Hotel (quasi) pieni dopo il calo di Pasqua

«Dopo il calo di presenze registrate nei primi tre mesi dell’anno e, in particolare a Pasqua, i due ponti di primavera hanno fatto registrare il quasi tutto esaurito nelle strutture ricettive capitoline». Non nasconde la soddisfazione il vice presidente di Federalberghi e presidente di Federalberghi Roma, Giuseppe Roscioli nel commentare il «pienone» di turisti vissuto a Roma nella settimana appena trascorsa. E se conferma che sulla Pasqua «hanno influito negativamente il maltempo e le elezioni, soprattutto sul mercato italiano, ora - ammette Roscioli - sta andando benino. Infatti riprendono a crescere proprio i mercati più delicati dell’area dollaro e yen, Usa e Giappone (meno 6% nei primi tre mesi del 2008), sta decollando nuovamente il flusso turistico da Francia Germania e Inghilterra (+3% ciascuno) e, altrettanto si può dire per il mercato russo». Segnali «incoraggianti - sottolinea Roscioli - vengono anche anche dal mercato cinese e indiano dove gli arrivi sono superiori al 5% rispetto allo scorso anno».

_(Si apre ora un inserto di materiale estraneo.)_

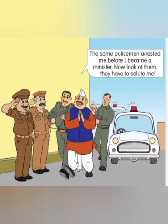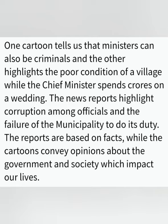So children, what message do these cartoons carry? What do the news reports tell you? Which of them is based on facts, and which is an opinion? As in your content book, there are two cartoon figures. One cartoon tells us that ministers can also be criminals, and the other highlights the poor condition of a village while the chief minister spends crores on a wedding. The news reports highlight corruption among officials and the failure of the municipality to do its duty.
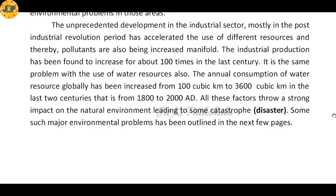There are also different kinds of problems with water resources. The annual consumption of water resources globally has increased from 100 cubic kilometers to 3,600 cubic kilometers over the last two centuries, from 1800 to 2000 AD. All these factors throw a strong impact on the natural environment, leading to catastrophe.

Dunque prevale l’ottimismo per la stagione estiva anche «se il differenziale dollaro e yen penalizza il mercato più ricco, dunque gli alberghi a 5 stelle che, soprattutto in inverno, è alimentato dai giapponesi». Infine un invito al sindaco Alemanno: «Incentivi i segmenti qualitativamente migliori, come quello del business, del fieristico e del congressuale, promuova molti eventi di carattere internazionale che diano a Roma una visibilità nel mondo».